The biggest challenge is funding. We need money, we need money, and we need money, to do what we said we were going to do. We are in Nigeria where everything and corruption is an issue. I know if we have the financial support that we need, things will be different in Umunneochi LGA.
The Chairman of Umunneochi Local Government Area in Abia State, Phillip Okey Igwe, spoke to Our Reporter PHEBBY KOSISOCHUKWU ANICHE on funding as one of the challenges facing the local government structure, as the third tier of government. Excerpts:
WHAT do you see as the biggest challenge facing the local government structure?
The biggest challenge is funding. We need money, we need money, and we need money, to do what we said we were going to do. We are in Nigeria where everything and corruption is an issue. I know if we have the financial support that we need, things will be different in Umunneochi LGA. We are working on an electricity project for example and there are roads to be built. There are people we need to empower so that they can feed their families and we need money to do a lot of things. It is a big challenge on the financial side. On the other side, I believe that citizens should be made responsible and keep informed to understand that running the government is very challenging. I don’t subscribe to the notion that everyone should depend on the government for everything, so, we need to reorient the thinking of our people on being self-reliant. And then, the government can do what it does, which is to provide security and build infrastructure.
Do you think the local government as the third tier of government is living up to expectations?
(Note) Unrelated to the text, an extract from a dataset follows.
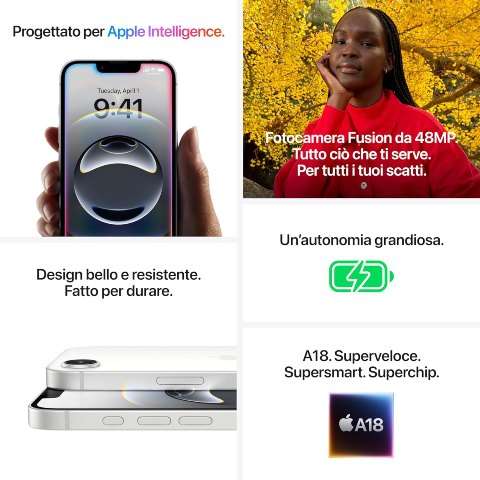 iPhone 16e caratteristiche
Actually, I don’t know the answer, but I guess that the answer will depend on who you ask. In my area I know what we have. The whole idea of the third tier of government is for government to reach out to the people at the grassroots. There is the need to make them feel the presence of the government. It is a very good intention. Those in this local government area know that for the first time in Umunneochi there is a government here. How did we make that to happen? You build infrastructure, provide security, and take some initiative that will make the people feel the presence of the government. The local government in Umunneochi, has lived up to its expectations and we will continue to grow until we get there. It is all about funding.
Recently, there was the suggestion of a full autonomy for the local government. What does this mean to you?
It is a step in the right direction in other to make the LGA financially stable. I think the intention of the constitution on autonomy is that the local governments as the third tier of government should be self-sustainable, and stand on its feet both financially and politically.
It is still a long way to that happening because presently it is just a proposed constitutional amendment. The National Assembly has done their bit, now it is up to the State Houses of Assembly. When you have financial stability, then you will be able carry out your promises to the people.
Corruption and poor performance are the issues easily linked to any LGA…
It depends on who is driving the ship. That is not an issue under my leadership because as the Italian sayings go, “the fish stinks from the head.” When the head is not right then the people under will suffer. Today, am at the helm of affairs here, and I know we are not corrupt and we are doing our best to improve our performance.
From where do you generate your internal revenue or don’t you?
We live in a country where we have a very centralized government. We have our internally generated revenue and again we depend on the allocation from the center. That’s how we survive. We have the IGR and we have the allocation from the center. The internally generated revenue we have is not much; if we can improve on it, our funding situation will change drastically.
What is the major project in the LGA?
Electricity. We don’t have electricity. We know that with adequate funding, this can be sorted out.